## Task goal
List each line of the data that holds the string "White", please.

## Provided material
■ ■ ■

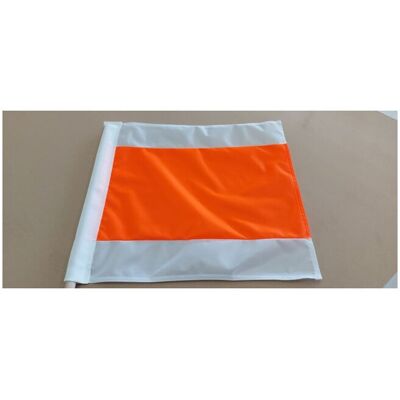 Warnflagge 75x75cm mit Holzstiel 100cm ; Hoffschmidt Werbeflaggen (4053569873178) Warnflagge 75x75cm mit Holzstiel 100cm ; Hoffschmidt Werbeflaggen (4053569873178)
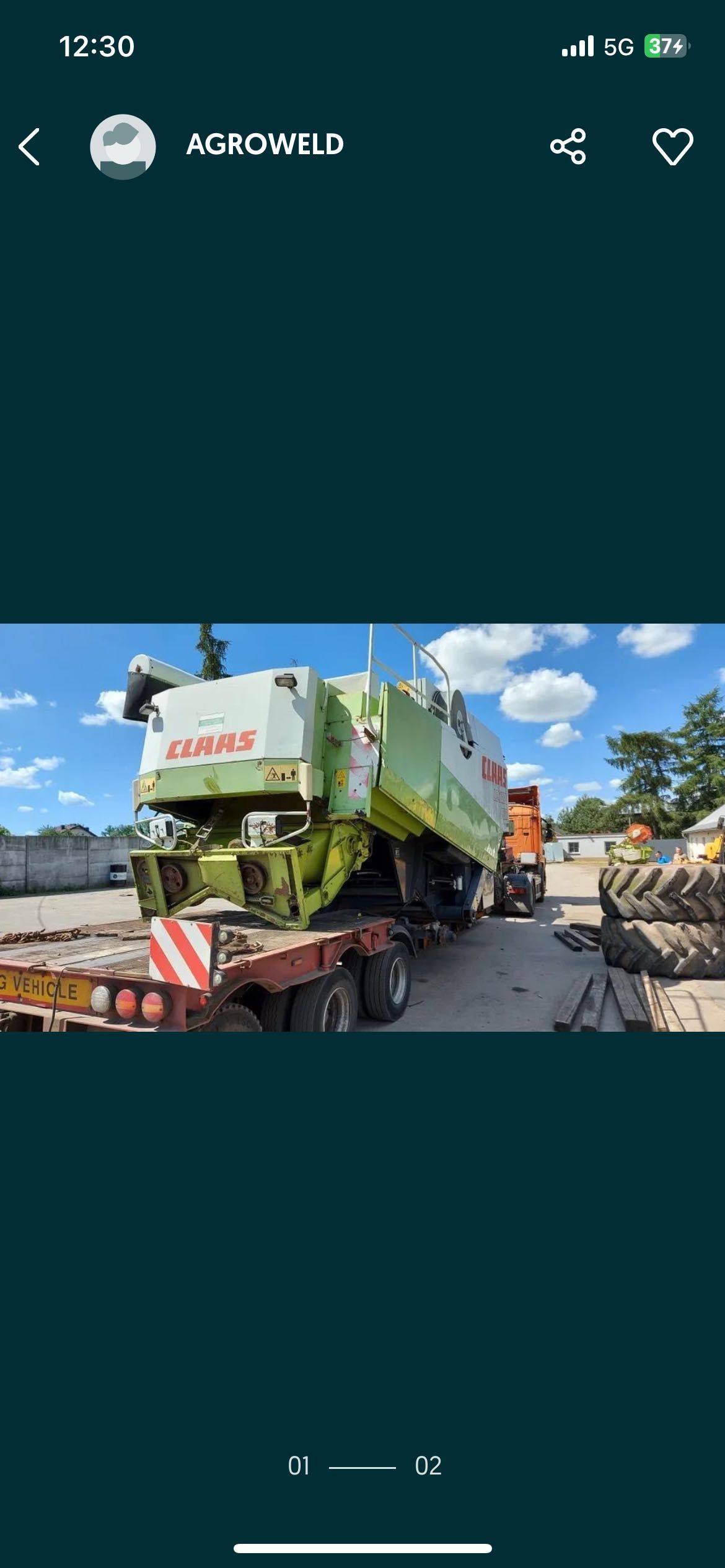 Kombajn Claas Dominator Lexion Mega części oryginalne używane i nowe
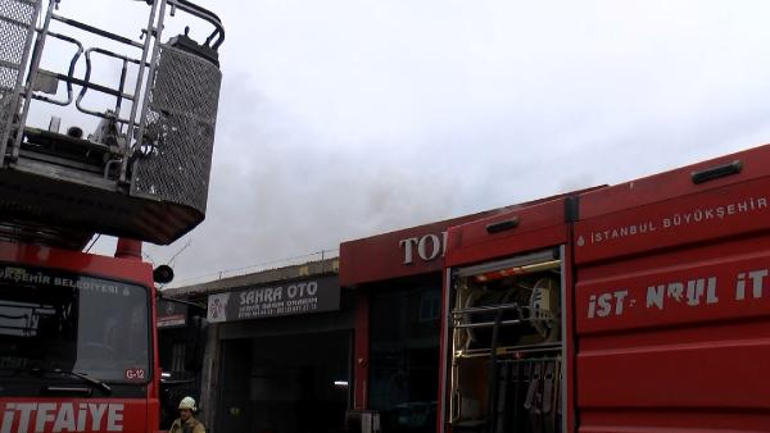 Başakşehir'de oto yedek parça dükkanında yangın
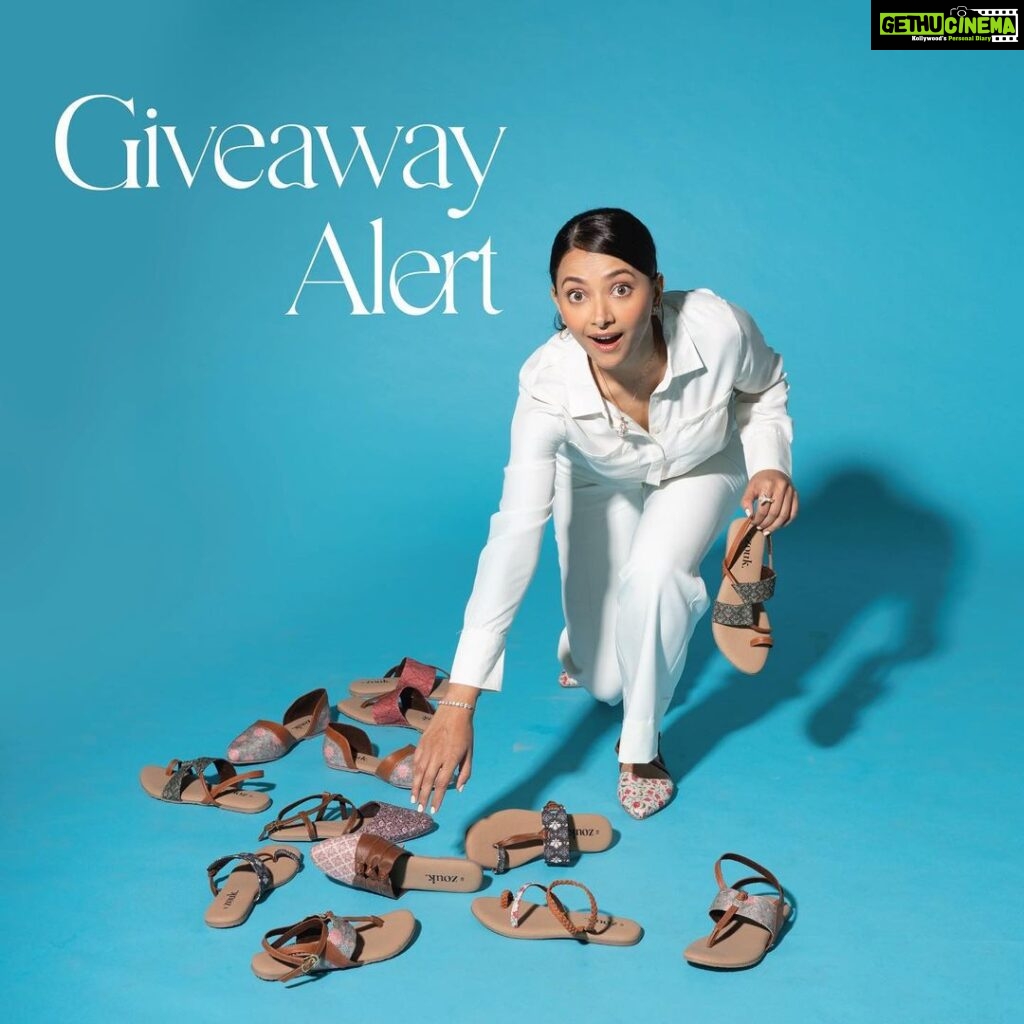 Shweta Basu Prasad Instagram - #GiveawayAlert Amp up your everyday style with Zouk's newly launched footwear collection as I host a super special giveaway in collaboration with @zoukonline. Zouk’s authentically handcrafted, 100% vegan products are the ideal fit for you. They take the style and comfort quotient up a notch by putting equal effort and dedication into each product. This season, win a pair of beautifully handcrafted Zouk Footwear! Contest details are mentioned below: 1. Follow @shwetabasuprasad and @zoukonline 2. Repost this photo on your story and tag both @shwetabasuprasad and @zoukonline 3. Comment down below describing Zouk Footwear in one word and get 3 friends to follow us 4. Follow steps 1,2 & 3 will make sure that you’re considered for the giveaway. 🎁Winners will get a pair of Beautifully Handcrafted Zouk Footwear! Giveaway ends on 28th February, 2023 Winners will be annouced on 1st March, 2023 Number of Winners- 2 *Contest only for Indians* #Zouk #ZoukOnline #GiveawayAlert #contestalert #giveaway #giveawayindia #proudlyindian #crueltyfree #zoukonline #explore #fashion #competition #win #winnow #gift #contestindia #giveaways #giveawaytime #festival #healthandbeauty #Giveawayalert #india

■ ■ ■

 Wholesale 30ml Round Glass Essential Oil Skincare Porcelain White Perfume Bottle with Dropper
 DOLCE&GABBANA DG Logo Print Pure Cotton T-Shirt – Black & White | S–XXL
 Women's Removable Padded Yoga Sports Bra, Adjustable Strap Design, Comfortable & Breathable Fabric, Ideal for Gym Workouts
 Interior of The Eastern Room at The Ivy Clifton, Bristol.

■ ■ ■

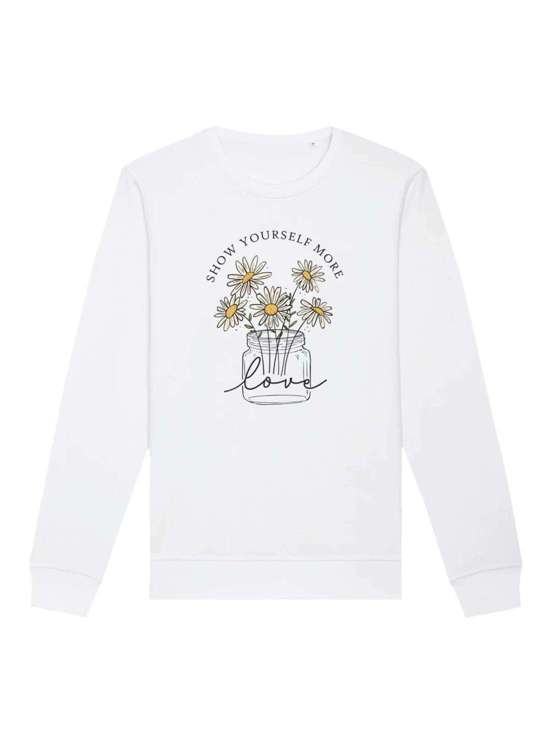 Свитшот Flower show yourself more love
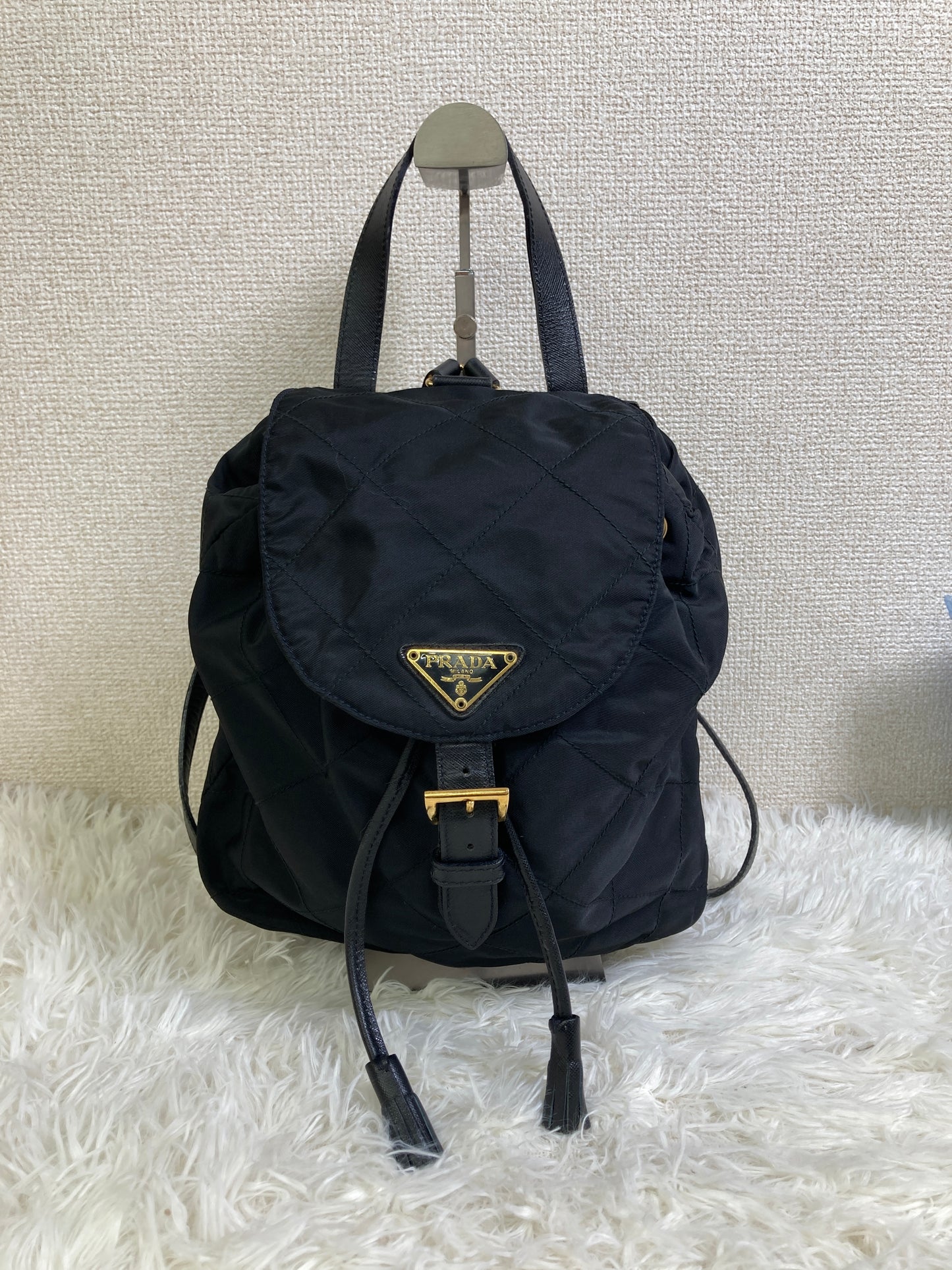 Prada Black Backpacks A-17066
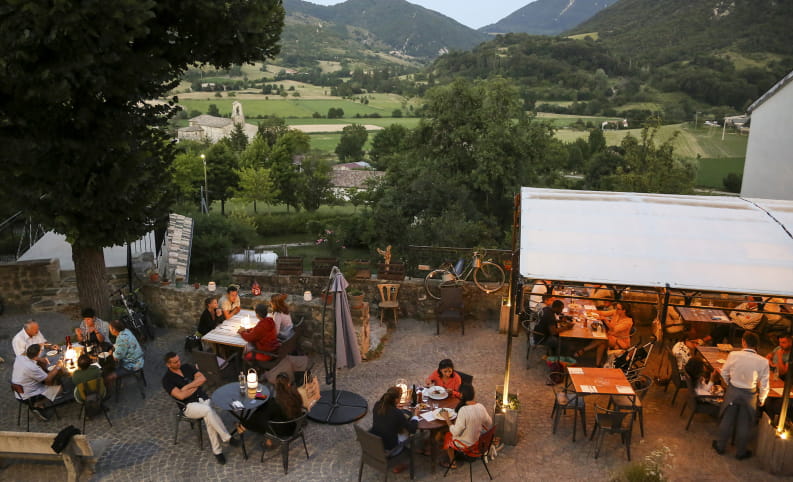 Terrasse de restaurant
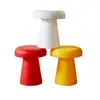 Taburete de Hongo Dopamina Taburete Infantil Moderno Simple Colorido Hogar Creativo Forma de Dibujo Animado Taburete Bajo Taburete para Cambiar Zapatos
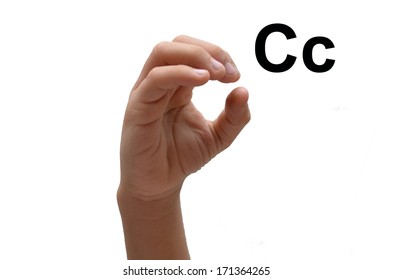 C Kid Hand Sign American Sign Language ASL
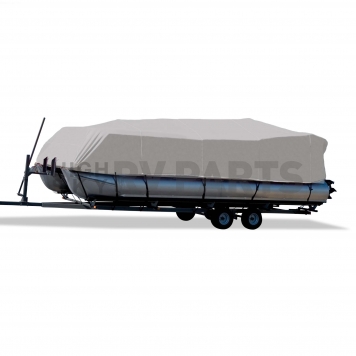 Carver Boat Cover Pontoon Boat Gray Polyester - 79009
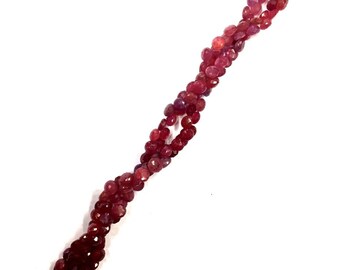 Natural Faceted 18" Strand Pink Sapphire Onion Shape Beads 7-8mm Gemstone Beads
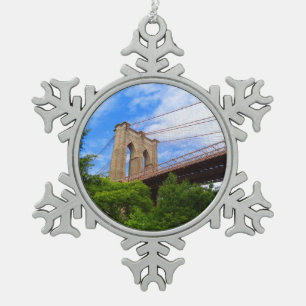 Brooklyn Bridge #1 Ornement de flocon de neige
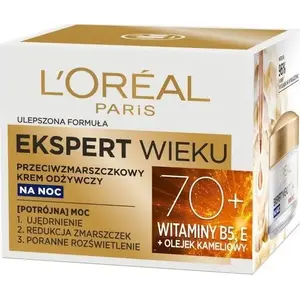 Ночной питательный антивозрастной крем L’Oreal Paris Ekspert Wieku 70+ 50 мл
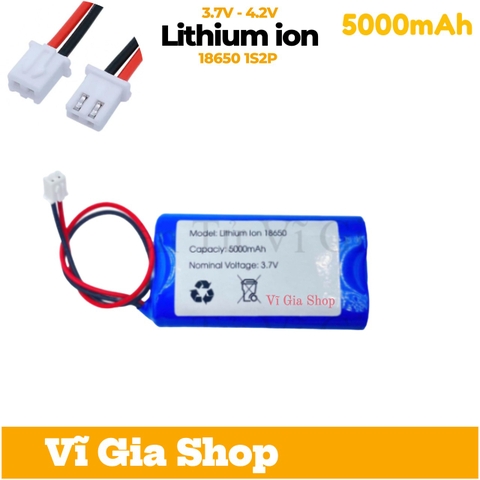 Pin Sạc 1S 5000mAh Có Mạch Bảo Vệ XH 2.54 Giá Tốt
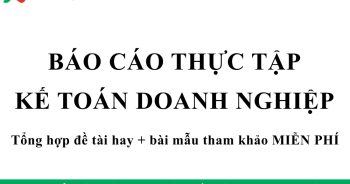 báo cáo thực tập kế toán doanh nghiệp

■ ■ ■

## Response to the task
 Wholesale 30ml Round Glass Essential Oil Skincare Porcelain White Perfume Bottle with Dropper
 DOLCE&GABBANA DG Logo Print Pure Cotton T-Shirt – Black & White | S–XXL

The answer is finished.